Introduction 1
Bazel is an open-source build/test framework similar to Maven, Make, and Gradle.
It features:
- Human-readable, high-level build language
- Fast and reliable via caching
- Scalable
- Extensible for other language or framework
This post is a reading notes about the official documentation on Bazel version 3.4.0. You can skip these intros and jump directly to the sample repo to get started.
Bazel Setup
Follow the instructions here to install the latest release for your system.
Concepts
In general, Bazel builds software from source code organized in a directory called a workspace.
Source files in the workspace are organized in a nested hierarchy of packages.
Each package is a directory containing a set of related source files + one BUILD file for that package.
A simple example of a C++ project structure for one package is shown below:
.
├── README.md
├── WORKSPACE
└── main
├── BUILD
└── hello-world.cc
Workspace
A workspace is a directory containing your source files and symbolic links to other directories that contain the build output.
Have a look at the following project structure after bazel built the target:
.
├── README.md
├── WORKSPACE
├── bazel-bin -> /private/var/tmp/_bazel_mxin/a122b7b4d9e8cf33d3804073143b4e06/execroot/__main__/bazel-out/darwin-fastbuild/bin
├── bazel-out -> /private/var/tmp/_bazel_mxin/a122b7b4d9e8cf33d3804073143b4e06/execroot/__main__/bazel-out
├── bazel-stage1 -> /private/var/tmp/_bazel_mxin/a122b7b4d9e8cf33d3804073143b4e06/execroot/__main__
├── bazel-testlogs -> /private/var/tmp/_bazel_mxin/a122b7b4d9e8cf33d3804073143b4e06/execroot/__main__/bazel-out/darwin-fastbuild/testlogs
└── main
├── BUILD
└── hello-world.cc
Note the new symbolic links created from that build.
Bazel identify a directory as a workspace root by searching for a file named WORKSPACE
or WORKSPACE.bazel
. It may be empty or may contain references to external dependencies required to build the outputs. If both WORKSPACE
and WORKSPACE.bazel
exist, Bazel will ignore the WORKSPACE
file.
If there’s another subdirectory under the workspace root and it contains a file called WORKSPACE, Bazel simply ignores them. In other words, Bazel does not support nested workspaces.
Packages
As mentioned earlier, source files usually organized in nested hierarchy called packages.

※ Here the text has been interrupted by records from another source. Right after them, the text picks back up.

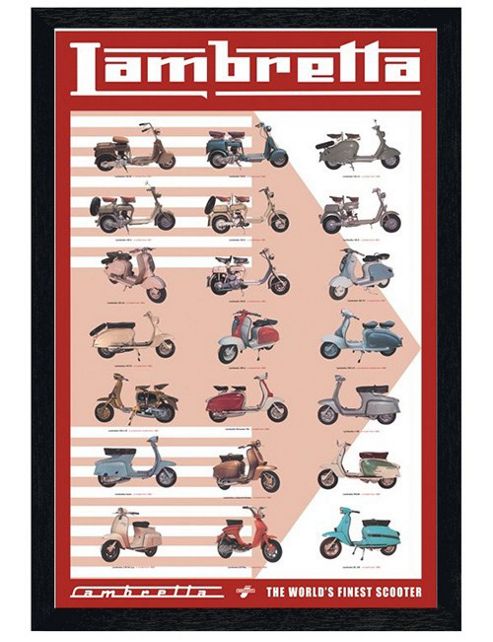 Image of Black Wooden Framed Lambretta Evolution Poster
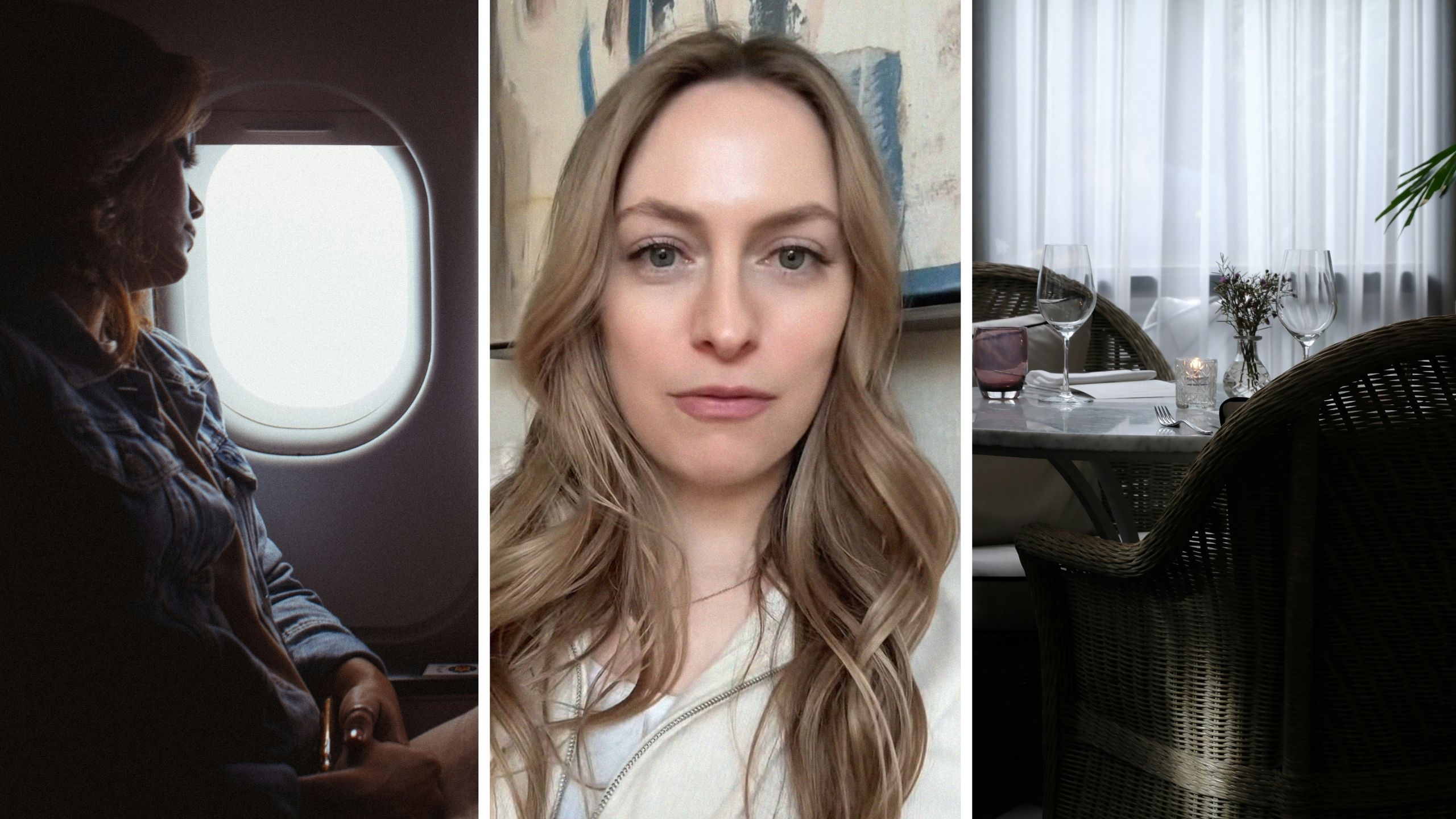 annoyed woman on flight (l) woman shares dating horror story (c) dinner date set up (r)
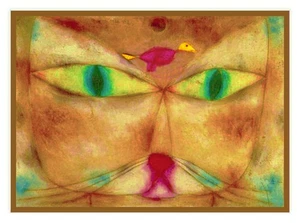 Modern Artist Paul Klee The Cat and Bird Abstract  Counted Cross Stitch Pattern - Picture 1 of 4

Conceptually, a package is
- the primary unit of code organization in a repository
- a collection of logically related files
- a specification of the dependencies among these files
In reality (ps: joking), it is a subdirectory containing a BUILD
or BUILD.bazel
file beneath the workspace root. A package includes all files + all subdirectories beneath the package root, except those themselves contain a BUILD
(or BUILD.bazel
), which become subpackages in this case.
For example, the below directory tree contains two packages: my/app
and its subpackage my/app/test
.
src/my/app/BUILD
src/my/app/app.cc
src/my/app/data/input.txt
src/my/app/tests/BUILD
src/my/app/tests/test.cc
Repositories
In the above introduction of packages, we mentioned repository, so what is it? We know GitHub repos, and it’s a way of organizing source code. Bazel repository is a similar concept.
Bazel defines the root of the main repository as the directory containing the WORKSPACE
file, also called @
.
We can have dependent external repositories like googletest and these external repos are defined in the main repo’s WORKSPACE
file using workspace rules.
Note that external repos are repos themselves, which means they have their own WORKSPACE
file as well! However, these WORKSPACE
files are ignored by Bazel and hence those transitively dependent repos are not added automatically.
Targets
Within a package, we define elements as targets. The name of a target is referred as its label.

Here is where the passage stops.